Es evidente que de la normativa transcrita no se desprende base legal suficiente para que la Administración sólo considere no sujetas al Impuesto sobre el Valor Añadido las obras de rehabilitación, entendiendo por tales las destinadas a las reconstrucciones de las edificaciones, cuando su coste exceda del 25 por ciento del valor de aquéllas, ni la resolución de la Dirección General de Tributos de 30 de mayo de 1988 tiene eficacia normativa alguna, ni puede establecer para la exención del Impuesto sobre el Valor Añadido las Entidades Eclesiásticas condiciones distintas de las establecidas legalmente por pura aplicación del principio de jerarquía normativa.
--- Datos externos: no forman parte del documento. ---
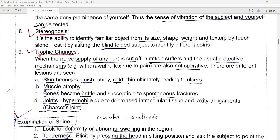Next, trophic changes. When the nerve supply of any part is cut off, nutrition suffers and the usual protective mechanism — for example, withdrawal reflex due to pain — is also not operative. Therefore, different lesions are seen in the skin: the skin becomes bluish, shiny, cold, thin, and ultimately leading to ulcers. In the muscle, there may be muscle atrophy. In the bones, bones become brittle and susceptible to spontaneous fractures. In the joints, they become hypermobile due to decreased intracellular tissue and laxity of ligaments — for example, Charcot joint.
Además, no cabe establecer un parangón entre el Impuesto sobre el Valor Añadido y el Impuesto General sobre Tráfico de Empresas como pretende la Administración para tratar de aplicar al primero las reglas que para su exención regían para el último de ellos, so pretexto de que cuando se firmó el acuerdo entre el Estado español y la Santa Sede no existía el Impuesto sobre el Valor Añadido y que hay elementos comunes entre ambos Impuestos, porque el Impuesto General sobre Tráfico de Empresas -hoy ya desaparecido-, pese a presentar ciertas connotaciones similares al Impuesto sobre el Valor Añadido, en cuanto que ambos despliegan sus efectos en el ámbito de la imposición indirecta multifásica, sin embargo, tiene una naturaleza diferente, tratándose el Impuesto General sobre Tráfico de Empresas de un impuesto sobre el valor total de las ventas (en cascada) y, en cambio, el Impuesto sobre el Valor Añadido grava el valor añadido, entendiendo por tal, el valor incorporado a los distintos bienes en las distintas fases de la actividad económica hasta que llega a ser adquirido por los consumidores, admitiendo la traslación o repercusión de la carga impositiva. En definitiva, se trata de dos Impuestos con una filosofía tributaria de gravamen dispar.

En consecuencia, se acoge el primero de los motivos esgrimidos en la demanda.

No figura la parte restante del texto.